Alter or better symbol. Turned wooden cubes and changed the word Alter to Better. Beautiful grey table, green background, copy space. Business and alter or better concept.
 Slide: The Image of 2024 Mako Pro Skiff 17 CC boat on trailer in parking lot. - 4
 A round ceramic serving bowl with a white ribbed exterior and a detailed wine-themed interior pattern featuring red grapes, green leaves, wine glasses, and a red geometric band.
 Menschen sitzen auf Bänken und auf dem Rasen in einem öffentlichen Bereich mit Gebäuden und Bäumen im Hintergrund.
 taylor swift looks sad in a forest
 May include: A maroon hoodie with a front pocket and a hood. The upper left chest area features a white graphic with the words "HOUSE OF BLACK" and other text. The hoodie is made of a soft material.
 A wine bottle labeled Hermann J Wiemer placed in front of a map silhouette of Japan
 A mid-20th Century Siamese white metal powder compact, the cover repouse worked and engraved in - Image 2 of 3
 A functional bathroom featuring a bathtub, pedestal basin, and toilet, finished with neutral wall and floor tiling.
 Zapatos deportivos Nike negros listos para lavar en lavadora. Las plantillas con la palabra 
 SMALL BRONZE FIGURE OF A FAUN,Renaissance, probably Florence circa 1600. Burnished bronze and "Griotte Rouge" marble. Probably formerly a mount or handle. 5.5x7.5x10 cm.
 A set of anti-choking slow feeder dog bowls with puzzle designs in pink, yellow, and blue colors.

━━━━━━━━━━━━━━━━━━━━━━━━━━━━━━

### [What is required]
Display each line of the data where "front" occurs.

### [Expected answer]
 May include: A maroon hoodie with a front pocket and a hood. The upper left chest area features a white graphic with the words "HOUSE OF BLACK" and other text. The hoodie is made of a soft material.
 A wine bottle labeled Hermann J Wiemer placed in front of a map silhouette of Japan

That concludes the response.